Wednesday, April 22, 2009

Bibles and Bones

Your mouth tastes like Marlboros and Miller Lite. It shouldn't taste good, but it does. It's what I wanted for a long time - that taste. Your eager tongue is pressing into mine, your strong hips pushed up against my bony ones. I feel the sharp edges of my pelvic bones jutting out and for a split second I worry about them. Twenty-five years old and yet I am all girl. My breasts are so tiny you can barely cup them in your hand. I don't know what the hell I am doing with this dark groping in the night. It is 2 am. I am a girl playing at being a woman. I feel your hand tugging at the waistband of my underwear. I grab it.

"Wait."

You sigh because you don't want to. I feel the hotness of your breath, the drunk air it has created. My head is thick with a strange mix of desire and dread. No, I want to. I know about this and that it is going to happen.

I saw it in dreams and in girlish fantasies. It played out on the community college stage during our run of "One Flew Over the Cuckoo's Nest", the push and pull of that dance. You were R.P. McMurphy in your mental patient scrubs. I was Nurse Flynn in my bleached white uniform, my hair clipped in a tight bun. I sat at my perch on the stage, a necessary backdrop. I was constantly on-stage, in character, in my little private box. I watched you at your craft. That is who you became: R. P. McMurphy. And I fell in love with him. And when you walked behind set and became Michael again - then I fell in love with you. I tried to stay in character while you mouthed words at me with that obscene mouth of yours, leaning against a wooden beam backstage, while the play went on in front of me.

"I'm going to fuck you."

"You are so hot."

I couldn't believe what I was hearing. It was a sort of music. And for the first time in my life, something a man said to me made me wet. Whatever it was, it was new to me. I mean that kind of want, that kind of aching, maddening desire. I had never known it before, not with anyone. Not with my boyfriend who I dated for 5 long and chaste years. Our gropings in the front seat of his car after long days at Bible study were far from passionate. That wasn't about lust. That was me bucking up against religion. That was me flirting with fornication. That was me giving him a hand job and hoping he liked it. I wasn't even there. The invisible girl. And then what happens next is you actually try to become invisible. You fall away into your own body. Because you can only blame religion for so long. Eventually, you need a shiny new reason, something entirely new to hang your virginity on.
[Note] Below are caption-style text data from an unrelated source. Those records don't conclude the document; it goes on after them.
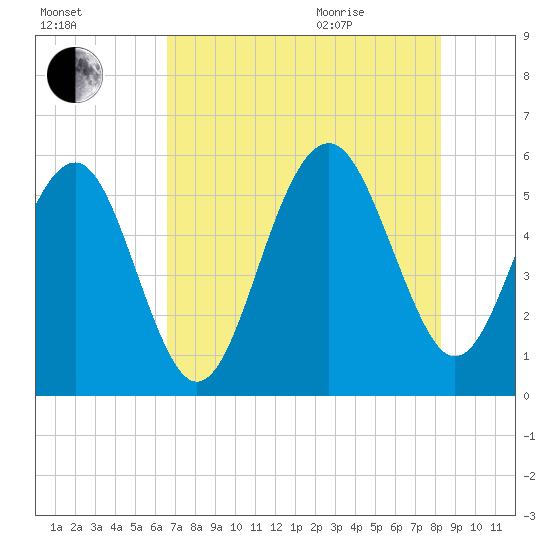 Carters Dock tide chart for Friday, August 5, 2022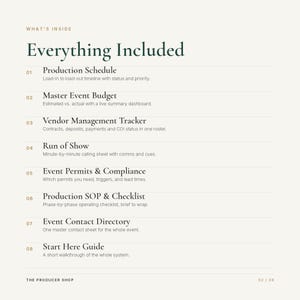 Może przedstawiać: Biały dokument zatytułowany Everything Included, zawierający listę ośmiu element&oacute;w zarządzania wydarzeniami: Production Schedule, Master Event Budget, Vendor Management Tracker, Run of Show, Event Permits & Compliance, Production SOP & Checklist, Event Contact Directory oraz Start Here Guide.
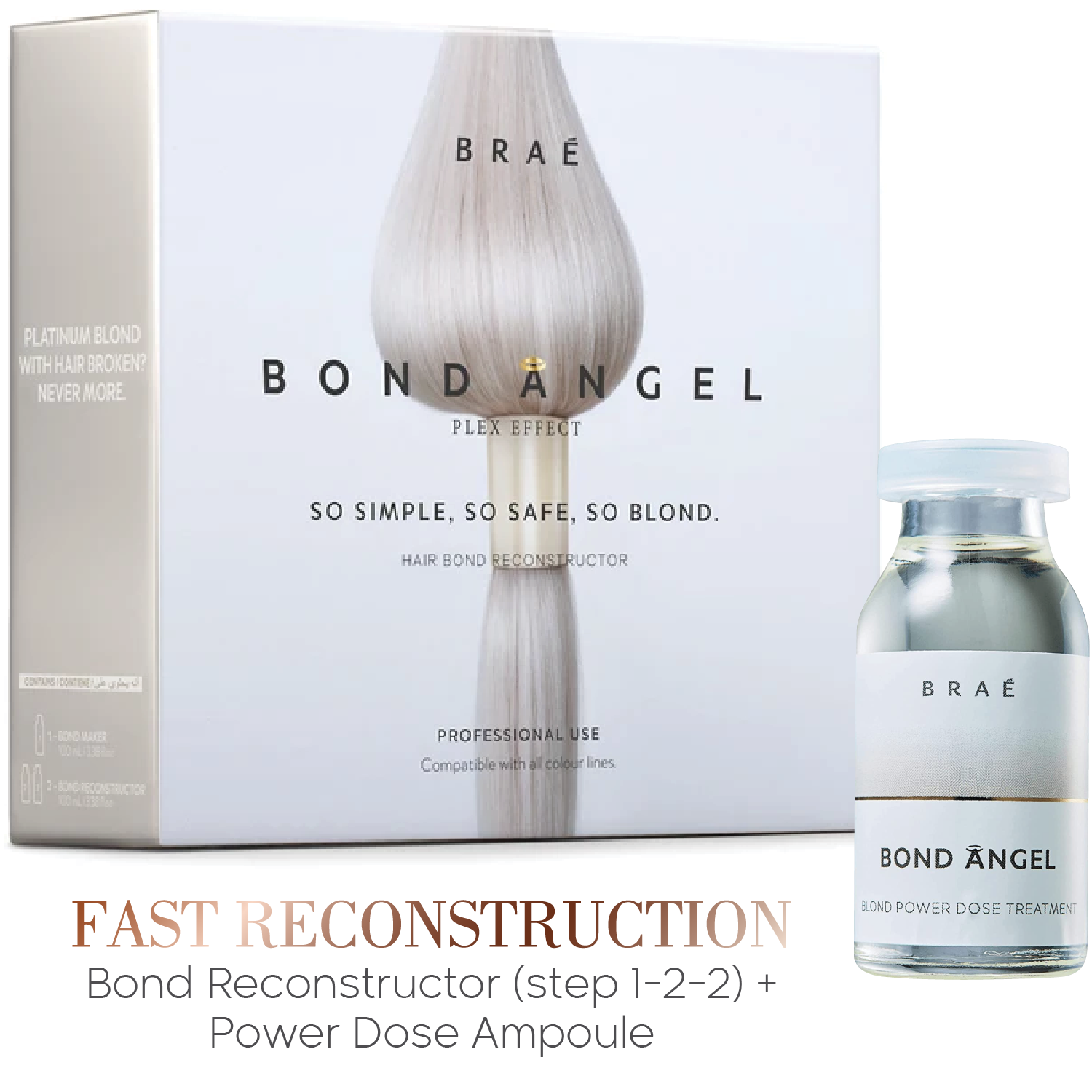 Fast Reconstruction: Bond Angel Kit + Bond Angel Power Dose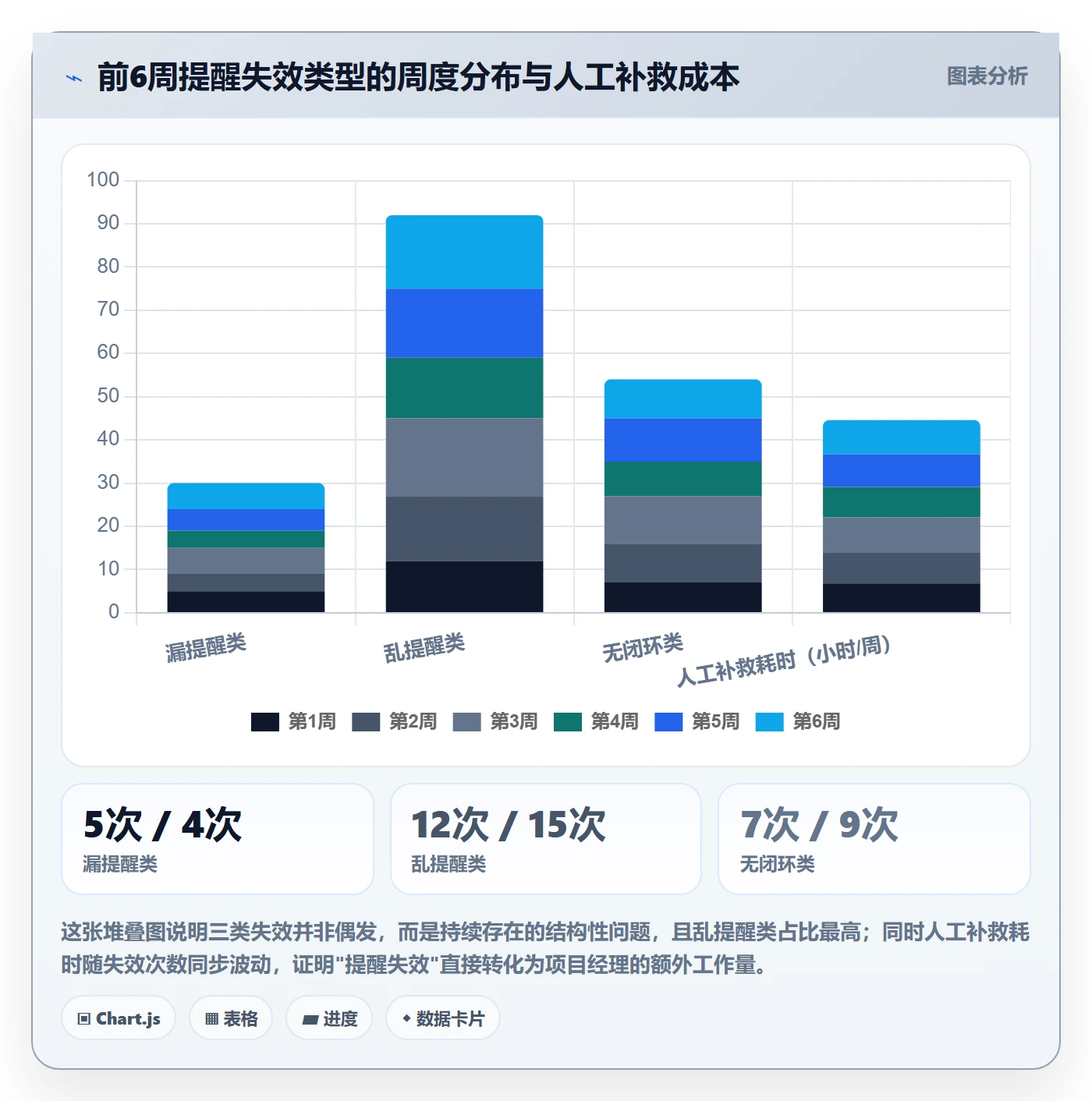 自动提醒落地方案:项目经理开展任务提醒的效率提升案例解析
It was a perfect excuse. Because when you are anorexic all your work, all your energy, goes into keeping things out of your body. That is the focus of your life: Deflection. I mean if I couldn't open up my body to the experience of a cinnamon roll, I certainly couldn't open it for a man either.

Emerging from that abyss was painful but rewarding. I felt raw, newly hatched. Once I started in recovery, everything about the world changed, or at least my perception of it. And you were the first thing I saw. The charismatic, jock turned brilliant actor that people either exquisitely loved or exquisitely hated. You were the guy that was perpetually late and ever essential. Nothing worked without you; Not rehearsal, not beers afterward, not drunken closing night debauchery. You were the guy who knew every single word to Under the Sea and would sing it with abandon. You were the guy who read books like White Oleander and wrote poetry on the sly. You were the guy who insisted, with all seriousness, that Short Circuit 2 was the most critically overlooked movie of the 20th century. You were the guy that all the girls wanted to fuck and hated themselves for it.

I knew you would never belong to me. You loved Dana, the prima ballerina who wouldn't put out. But I closed the lid on the jewelry box and she was gone. It was someone else's turn to disappear. I knew that your hands were daggers. I knew that your arc was sharp and that everything about your game was a lie. I didn't care. I wanted that hurt. I didn't need my first time to be tender. I needed it to be wrong, dirty, harsh. I wanted you to corner me with lips, jagged and sexual. I wanted so desperately to undo the past 25 years of chastity with something wicked. Anything soft would have been too much to bear.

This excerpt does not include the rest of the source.